There have been two important decisions within the last month concerning courts’ acceptance of a new technology that may help reduce the costs associated with, and increase the efficiency of, processing and reviewing electronically stored information (ESI) in e-discovery. The technology, known as “predictive coding,” allows attorneys to select a sample set, or “seed set,” of relevant and irrelevant documents, which are then coded as the baseline for the automated collection and review of documents. Using the seed set, the computer is able to quite literally learn what the criteria for relevance and irrelevance are, and automatically review data based on that knowledge, thereby potentially eliminating a significant portion of the burden and costs associated with the process of having attorneys perform the initial first-tier review—the stage at which the majority of wasteful e-discovery costs are incurred.1

As discussed below, the U.S. District Court for the Southern District of New York in Da Silva Moore v. Publicis Groupe, Case No. 1:11-cv-01279 (S.D.N.Y. April 26, 2012), and the Circuit Court for Loudon County, Va., in Global Aerospace v. Landow Aviation, Case No. CL 61040 (Va. Cir. Ct. Loudon Co. April 23, 2012), have endorsed the use of predictive coding as a viable and economical alternative to the traditional method of keyword searching and manual review of documents.
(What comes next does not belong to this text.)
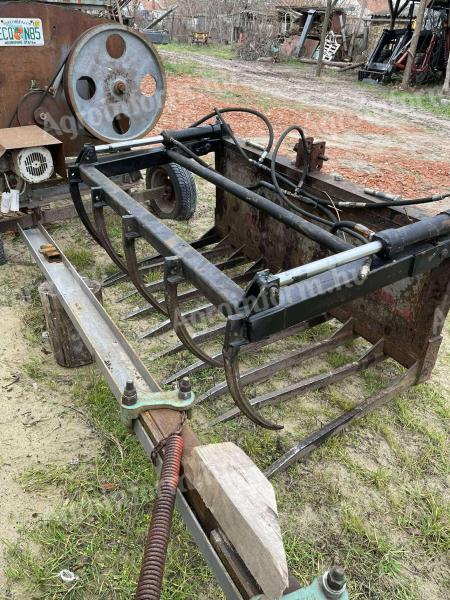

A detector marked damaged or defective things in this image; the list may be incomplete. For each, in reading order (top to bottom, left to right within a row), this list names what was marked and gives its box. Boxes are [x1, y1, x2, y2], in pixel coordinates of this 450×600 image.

rusted metal equipment [68, 111, 450, 478] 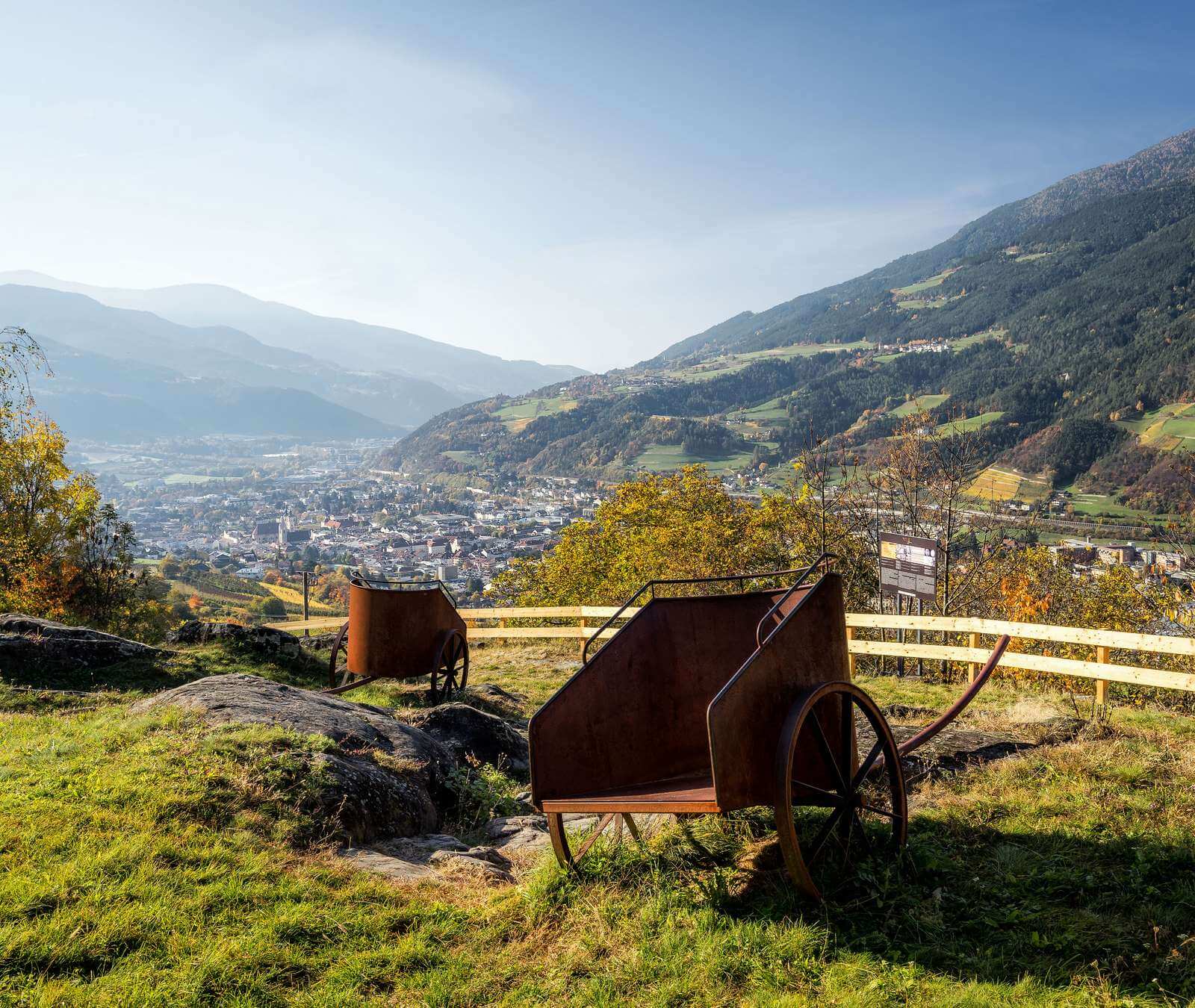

The debate over the use of predictive coding touches upon fundamental concerns regarding the costs and burdens associated with discovery. In recent years, e-discovery, particularly in complex cases, has become a threat to our legal system’s ability to see that justice is done in resolving disputes. Not only is e-discovery, as currently done, extraordinarily expensive, but it is also wasteful and inefficient. In complex cases, hundreds of thousands of dollars, and often millions of dollars, are required to search through irrelevant documents looking for the minority of relevant documents. In some cases, only 10 percent of the documents selected by search terms are relevant. Yet, they must be reviewed by lawyers to determine their lack of relevancy. This search for relevant documents often follows seemingly endless negotiations over search terms and custodians. The massive costs of discovery may drive litigants to settle for much less than they are entitled, or, conversely, to pay much more than a case merits. It may also cause parties not to pursue legal remedies at all. In these situations, justice on the merits has been denied by the cost of discovery.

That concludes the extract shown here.